I would really like to get to this show, does anyone know if you would be able to being any animals back if travelling by coach?

I've bought over lots of guinea pigs from Holland and Germany but nothing "exotic" and I would be looking at collecting some lemmings if at all possible.

Thankies : victory:


----------



## cornmorphs (Jan 28, 2005)

NaomiR said:


> I would really like to get to this show, does anyone know if you would be able to being any animals back if travelling by coach?
> 
> I've bought over lots of guinea pigs from Holland and Germany but nothing "exotic" and I would be looking at collecting some lemmings if at all possible.
> 
> Thankies : victory:


its harder to bring stuff like that than it is most reptiles.
steve is running a coach or 3.. see tarntulabarn, always a good 2 days outs


----------



## tarantulabarn (Apr 21, 2005)

In all honestly if you are going for rodents the animal day in houten april 11th would be best, i have lemmings on my list to collect there, show details can be found on our coach site


----------



## NaomiR (Jan 26, 2009)

hey that one looks even better (for me anyway) thanks for that, the only thing I'm "worried" about is I won't know anyone else going :blush:

do many people book for just themselves??

and would it be okay for bring back 2-3 trios of lemmings (they would only be for me)
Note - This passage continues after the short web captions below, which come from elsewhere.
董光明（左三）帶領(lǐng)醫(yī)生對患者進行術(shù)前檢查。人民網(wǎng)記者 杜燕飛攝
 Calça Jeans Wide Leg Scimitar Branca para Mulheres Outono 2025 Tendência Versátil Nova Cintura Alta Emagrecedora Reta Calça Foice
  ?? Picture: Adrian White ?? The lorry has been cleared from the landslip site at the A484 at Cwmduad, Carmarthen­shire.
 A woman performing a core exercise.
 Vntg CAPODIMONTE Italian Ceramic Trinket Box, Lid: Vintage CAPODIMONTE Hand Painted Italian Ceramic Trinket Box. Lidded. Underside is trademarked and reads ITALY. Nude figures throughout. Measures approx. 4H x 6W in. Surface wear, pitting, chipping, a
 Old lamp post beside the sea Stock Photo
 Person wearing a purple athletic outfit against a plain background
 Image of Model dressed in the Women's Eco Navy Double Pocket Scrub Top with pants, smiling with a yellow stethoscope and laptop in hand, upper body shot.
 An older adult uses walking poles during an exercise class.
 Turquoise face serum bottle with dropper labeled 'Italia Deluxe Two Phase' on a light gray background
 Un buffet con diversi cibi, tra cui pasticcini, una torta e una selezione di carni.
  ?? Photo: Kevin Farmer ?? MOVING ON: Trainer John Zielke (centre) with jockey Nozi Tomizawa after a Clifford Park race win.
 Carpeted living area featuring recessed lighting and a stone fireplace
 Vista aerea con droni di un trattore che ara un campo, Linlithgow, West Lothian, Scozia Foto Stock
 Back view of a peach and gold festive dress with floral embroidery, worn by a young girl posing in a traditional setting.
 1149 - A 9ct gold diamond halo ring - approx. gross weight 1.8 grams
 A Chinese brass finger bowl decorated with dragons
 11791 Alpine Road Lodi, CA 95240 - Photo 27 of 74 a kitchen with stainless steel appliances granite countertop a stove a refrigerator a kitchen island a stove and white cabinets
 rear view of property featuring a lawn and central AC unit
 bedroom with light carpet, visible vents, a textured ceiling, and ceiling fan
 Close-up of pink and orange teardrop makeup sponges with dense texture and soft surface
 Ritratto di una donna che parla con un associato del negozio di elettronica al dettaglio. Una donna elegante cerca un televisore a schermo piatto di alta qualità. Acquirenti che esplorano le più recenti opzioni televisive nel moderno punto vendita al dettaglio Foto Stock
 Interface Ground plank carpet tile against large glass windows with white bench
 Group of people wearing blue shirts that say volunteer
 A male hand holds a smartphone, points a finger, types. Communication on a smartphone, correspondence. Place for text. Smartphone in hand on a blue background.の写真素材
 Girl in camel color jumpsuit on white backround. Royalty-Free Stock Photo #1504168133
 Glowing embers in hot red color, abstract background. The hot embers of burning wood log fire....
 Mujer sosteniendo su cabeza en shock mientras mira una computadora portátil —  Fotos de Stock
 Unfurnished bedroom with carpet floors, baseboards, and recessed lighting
I'll book this as soon as I'm brave enough - would DEARLY love to go :flrt:


----------



## tarantulabarn (Apr 21, 2005)

Loads of people travel alone, only until you get on the bus though, youll be surprised how sociable these trips are, within minutes youll be talking to people as if you had known them for years


----------



## NaomiR (Jan 26, 2009)

okay I'm going to book right now :2thumb:


----------



## cornmorphs (Jan 28, 2005)

NaomiR said:


> hey that one looks even better (for me anyway) thanks for that, the only thing I'm "worried" about is I won't know anyone else going :blush:
> 
> do many people book for just themselves??
> 
> ...


as steve says, you'll be fine.. everyone speaks to everyone pretty quickly.


----------



## NaomiR (Jan 26, 2009)

I've booked now so NO GOING BACK lol I'm really excited, roll on April :mf_dribble:


----------



## tarantulabarn (Apr 21, 2005)

better get saving, specially with all the rodent i want to get and getting in early:2thumb:


----------



## NaomiR (Jan 26, 2009)

tarantulabarn said:


> better get saving, specially with all the rodent i want to get and getting in early:2thumb:


what are you getting??? or shouldn't I ask?? :whistling2:

you should see Richards "for sale!" list it reads like an exotic species list but nothing else tempted me yet apart from my lem lems :notworthy:


----------



## tarantulabarn (Apr 21, 2005)

NaomiR said:


> what are you getting??? or shouldn't I ask?? :whistling2:
> 
> you should see Richards "for sale!" list it reads like an exotic species list but nothing else tempted me yet apart from my lem lems :notworthy:


he is sending me his new list towards the end of april, should be getting a couple more Jerboas, voles, african pigmys and lemmings apart from that depends what else is there, i am guessing that as there is a dedicated rodent show there will be plenty to choose from:mf_dribble::mf_dribble::mf_dribble:


----------



## NaomiR (Jan 26, 2009)

I just "added" to my wish list, Richard is looking for some mouse like hamsters for me, they look really neat - I think I'm going to be like a kid in a sweet shop lol


----------



## NaomiR (Jan 26, 2009)

is there any way we could change the title of this thread to HOUTEN instead of Hamm as I'm not now going to Hamm :Na_Na_Na_Na:


----------